The test takes advantage of the lifecycle of red blood cells, the duration of which is approximately 120 days. So by measuring attached glucose in the red blood cell, the average blood sugar level over the previous three months can be determined. The level of HbA1c at any point in time is contributed to by all circulating erythrocytes, from the oldest (120 days old) to the youngest. However, HbA1c is a “weighted” average of blood glucose levels during the preceding 120 days, with the youngest erythrocytes contributing to a greater extent than the older ones. Approximately 50% of the glycated hemoglobin level is determined by plasma glucose levels over the previous month, and 75% during the previous 2 months.

How is HbA1c measured?
Laboratories use High Performance Liquid Chromatography or Immunoassay. In the United States, the National Glycohemoglobin Standardization Program (NGSP) began in 1996, with the goal of standardizing glycated hemoglobin tests to the high-performance liquid chromatography (HPLC) method reported as HbA1c as used in the 1993 Diabetes Control and Complications Trial (DCCT). There are several types of certified methods available for measuring hemoglobin A1c: immunoassay, ion-exchange HPLC, electrophoresis, boronate affinity HPLC, and enzyme methods. Reliable bench-top point of care analyzers, such as the one which uses a cassette-based immunoassay method, are also now available for clinic use.

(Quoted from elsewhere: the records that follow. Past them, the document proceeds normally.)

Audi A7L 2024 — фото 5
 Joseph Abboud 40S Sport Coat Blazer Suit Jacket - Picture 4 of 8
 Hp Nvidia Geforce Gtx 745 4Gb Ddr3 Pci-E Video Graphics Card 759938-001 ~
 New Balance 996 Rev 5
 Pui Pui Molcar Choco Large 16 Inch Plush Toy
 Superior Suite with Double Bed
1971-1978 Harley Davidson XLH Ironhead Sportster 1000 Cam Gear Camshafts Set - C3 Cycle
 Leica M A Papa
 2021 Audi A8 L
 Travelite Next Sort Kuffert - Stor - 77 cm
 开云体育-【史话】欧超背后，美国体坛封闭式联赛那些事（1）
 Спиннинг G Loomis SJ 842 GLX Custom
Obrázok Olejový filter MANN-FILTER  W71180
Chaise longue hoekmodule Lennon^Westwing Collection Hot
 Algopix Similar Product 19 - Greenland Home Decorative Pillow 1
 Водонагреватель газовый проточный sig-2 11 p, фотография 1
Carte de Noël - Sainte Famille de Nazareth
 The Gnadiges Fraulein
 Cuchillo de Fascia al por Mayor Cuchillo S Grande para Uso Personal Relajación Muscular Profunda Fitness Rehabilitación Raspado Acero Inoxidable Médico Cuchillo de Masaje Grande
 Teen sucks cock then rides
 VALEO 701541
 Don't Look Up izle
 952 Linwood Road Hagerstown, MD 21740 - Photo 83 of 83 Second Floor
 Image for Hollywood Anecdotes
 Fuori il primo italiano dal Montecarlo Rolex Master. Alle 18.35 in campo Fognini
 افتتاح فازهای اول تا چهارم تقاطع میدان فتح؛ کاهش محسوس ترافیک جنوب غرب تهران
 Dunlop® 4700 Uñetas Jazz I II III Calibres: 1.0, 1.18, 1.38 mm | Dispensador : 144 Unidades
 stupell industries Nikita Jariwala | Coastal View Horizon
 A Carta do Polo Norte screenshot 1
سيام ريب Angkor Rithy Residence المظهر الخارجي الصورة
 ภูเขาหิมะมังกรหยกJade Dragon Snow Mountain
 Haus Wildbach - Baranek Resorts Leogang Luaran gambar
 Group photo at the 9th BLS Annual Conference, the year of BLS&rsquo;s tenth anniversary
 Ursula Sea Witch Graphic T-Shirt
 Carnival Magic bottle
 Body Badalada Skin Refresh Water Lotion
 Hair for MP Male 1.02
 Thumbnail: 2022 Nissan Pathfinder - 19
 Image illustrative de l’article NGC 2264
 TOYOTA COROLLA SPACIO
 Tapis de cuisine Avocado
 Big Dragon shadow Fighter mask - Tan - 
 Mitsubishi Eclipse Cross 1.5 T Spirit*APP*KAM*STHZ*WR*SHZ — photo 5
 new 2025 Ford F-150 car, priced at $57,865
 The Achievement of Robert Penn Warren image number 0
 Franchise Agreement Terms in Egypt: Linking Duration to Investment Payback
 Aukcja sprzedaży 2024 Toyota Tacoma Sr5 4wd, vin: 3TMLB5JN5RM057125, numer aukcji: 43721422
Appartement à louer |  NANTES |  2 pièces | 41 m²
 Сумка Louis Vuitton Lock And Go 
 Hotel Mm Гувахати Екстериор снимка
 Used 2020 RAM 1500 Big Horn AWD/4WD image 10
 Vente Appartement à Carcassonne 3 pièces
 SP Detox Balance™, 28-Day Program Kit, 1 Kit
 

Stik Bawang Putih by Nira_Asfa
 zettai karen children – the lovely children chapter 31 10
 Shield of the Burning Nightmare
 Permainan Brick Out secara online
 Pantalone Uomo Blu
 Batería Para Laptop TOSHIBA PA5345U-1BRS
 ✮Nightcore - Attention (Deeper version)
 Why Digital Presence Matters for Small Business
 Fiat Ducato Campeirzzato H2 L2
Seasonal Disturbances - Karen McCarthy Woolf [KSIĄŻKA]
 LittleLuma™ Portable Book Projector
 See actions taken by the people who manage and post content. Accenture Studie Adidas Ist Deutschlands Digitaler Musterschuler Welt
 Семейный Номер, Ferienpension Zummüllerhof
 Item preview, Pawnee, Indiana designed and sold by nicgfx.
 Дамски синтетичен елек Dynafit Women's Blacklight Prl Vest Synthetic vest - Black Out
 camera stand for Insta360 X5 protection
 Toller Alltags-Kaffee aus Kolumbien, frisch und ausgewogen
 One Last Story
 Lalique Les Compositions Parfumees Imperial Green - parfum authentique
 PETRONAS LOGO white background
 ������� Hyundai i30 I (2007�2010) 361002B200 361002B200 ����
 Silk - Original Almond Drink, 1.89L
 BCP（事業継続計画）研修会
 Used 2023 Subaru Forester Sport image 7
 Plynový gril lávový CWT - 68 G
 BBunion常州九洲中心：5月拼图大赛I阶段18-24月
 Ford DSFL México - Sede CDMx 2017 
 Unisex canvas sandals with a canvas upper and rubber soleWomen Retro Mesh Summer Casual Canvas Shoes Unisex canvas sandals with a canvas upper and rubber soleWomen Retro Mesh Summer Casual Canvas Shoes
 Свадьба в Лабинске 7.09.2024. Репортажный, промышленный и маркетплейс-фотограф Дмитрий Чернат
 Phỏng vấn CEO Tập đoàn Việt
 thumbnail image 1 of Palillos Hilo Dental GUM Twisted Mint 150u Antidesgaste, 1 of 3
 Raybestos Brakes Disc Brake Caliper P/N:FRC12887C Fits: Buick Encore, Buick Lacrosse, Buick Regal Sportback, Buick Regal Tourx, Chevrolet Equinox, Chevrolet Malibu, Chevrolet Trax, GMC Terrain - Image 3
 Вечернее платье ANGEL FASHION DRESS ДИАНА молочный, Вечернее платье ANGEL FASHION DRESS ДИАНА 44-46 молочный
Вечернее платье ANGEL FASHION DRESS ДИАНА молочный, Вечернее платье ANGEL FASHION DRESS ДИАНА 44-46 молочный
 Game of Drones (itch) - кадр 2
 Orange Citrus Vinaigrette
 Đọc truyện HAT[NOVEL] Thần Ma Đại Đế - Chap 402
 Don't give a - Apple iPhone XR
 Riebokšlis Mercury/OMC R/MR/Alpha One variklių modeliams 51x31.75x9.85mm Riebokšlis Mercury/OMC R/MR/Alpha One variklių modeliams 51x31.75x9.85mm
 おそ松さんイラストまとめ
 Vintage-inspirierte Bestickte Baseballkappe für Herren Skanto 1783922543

Results can be unreliable in many circumstances, such as after blood loss, blood transfusions, anemia, or high erythrocyte turnover; in the presence of chronic renal or liver disease; after administration of high dose vitamin C; or erythropoeitin treatment.

Lower-than-expected levels of HbA1c can be seen in people with shortened red blood cell lifespan, such as with glucose-6-phosephate dehydrogenase deficiency, sickle-cell disease or any other condition causing premature red blood cell death. On the converse, higher¬than-expected levels can be seen in people with a longer red blood cell lifespan, such as with Vitamin B12 or Folate deficiency.

HbA1c is increased in patients with renal failure, when measured by ion-exchange chromatography. Interference by carbamylated hemoglobin can occur with uremia, hypertriglyceridemia and hyperbilirubinemia, and salicylates can cause interference by acetylated species.

In summary, HbA1c is a very useful tool in the diagnosis and monitoring of prediabetes and diabetes. Its use should be combined with data from other parameters such as a glucose tolerance test or home blood sugar monitoring, in order to guide management more precisely. It has intricate standardization measures, and is influenced by disorders of red blood cell lifespan and other biochemical interferences. Interpretation of HbA1c considers all these factors in every unique situation, and is best guided by your doctor.